# Classical music and non-classical music



## nyckolay44

Who can tell me - what is the strict distinction between classical music and non-classical music?
Is the matter in rhythm only?
And jazz rhythms - can it be intermediating and connecting this two subjects ?


----------



## Razumovskymas

Listen, read and reflect about it a couple of years and you will be able to form your own personal distinction between "classical music" and "non-classical" music. Because there is no strict scientific definition.


----------



## Guest

Why asking,you have the whole internet at your disposal ! There is a lot to find on youtube.Listen and make up your own mind.What is the use of a definition?
You must have a clou otherwise you did'n sign up.


----------



## Manxfeeder

nyckolay44 said:


> Who can tell me - what is the strict distinction between classical music and non-classical music?
> Is the matter in rhythm only?
> And jazz rhythms - can it be intermediating and connecting this two subjects ?
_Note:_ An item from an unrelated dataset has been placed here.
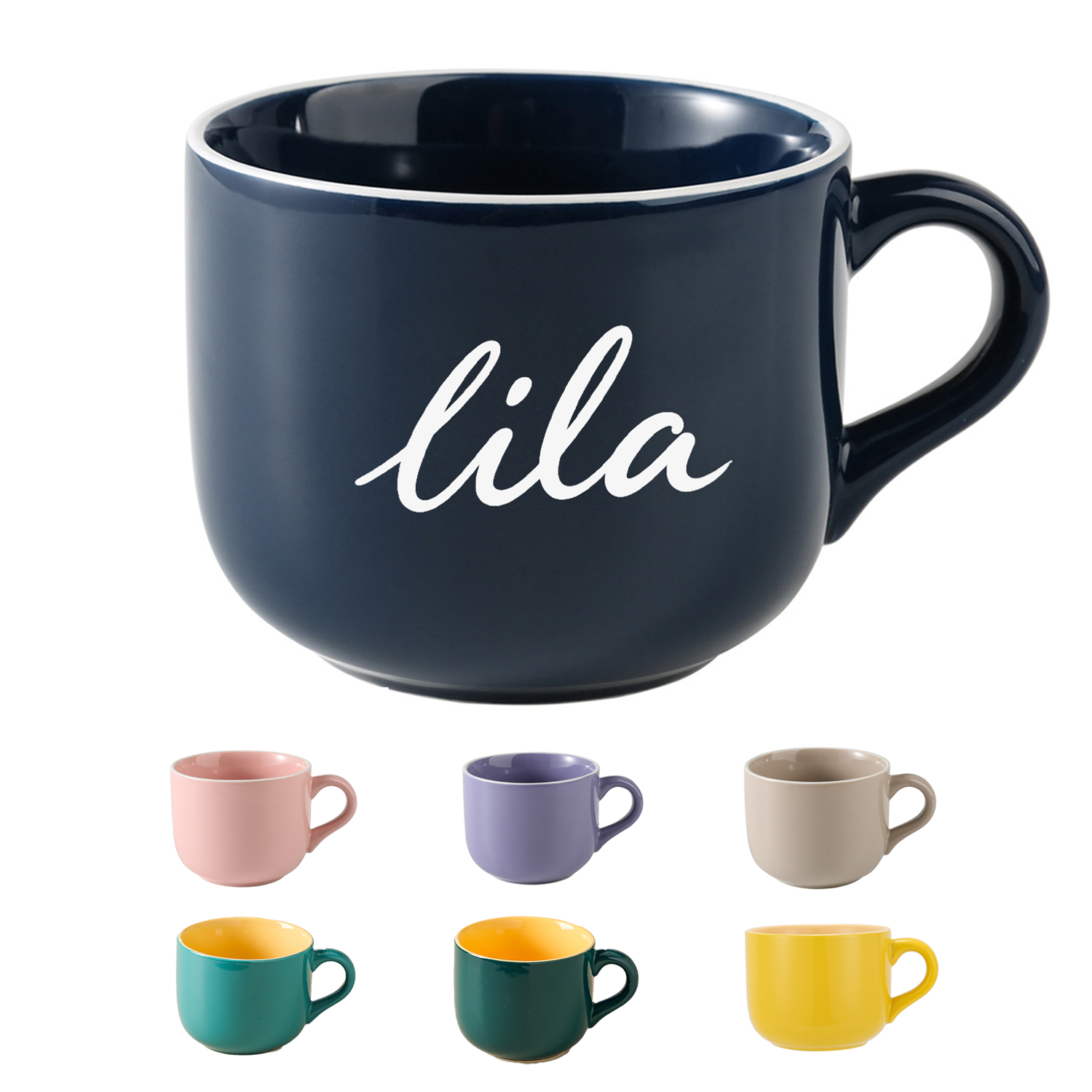 20oz Large Capacity Ceramic Mug w/ Handle 8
It is a fuzzy subject, and the 20th Century has tried to take away those distinctions. As Bruno Mars and Mark Ronson wrote, it's those blurred lines. (Which is definitely non-classical music).


----------



## EdwardBast

If you mean western classical music versus rock, jazz and pop, then the biggest difference is that works of classical music have a definitive text and tunes in the other categories do not. That is, everyone playing Beethoven's "Tempest" Sonata will be playing the same notes in the same order. By contrast, if one goes to youtube and listens to five versions of Charles Mingus' "Goodbye Pork-Pie Hat," none of them will be playing exactly the same notes in the same order. It's the same with pop tunes which, when they are covered by different artists tend to be in different arrangements and for different instruments with chords revoiced or even changed. One notable exception is classic rock cover bands like that Retread Zeppelin band (I forget the name they actually go by) who attempt to produce Led Zeppelin tunes just as originally performed.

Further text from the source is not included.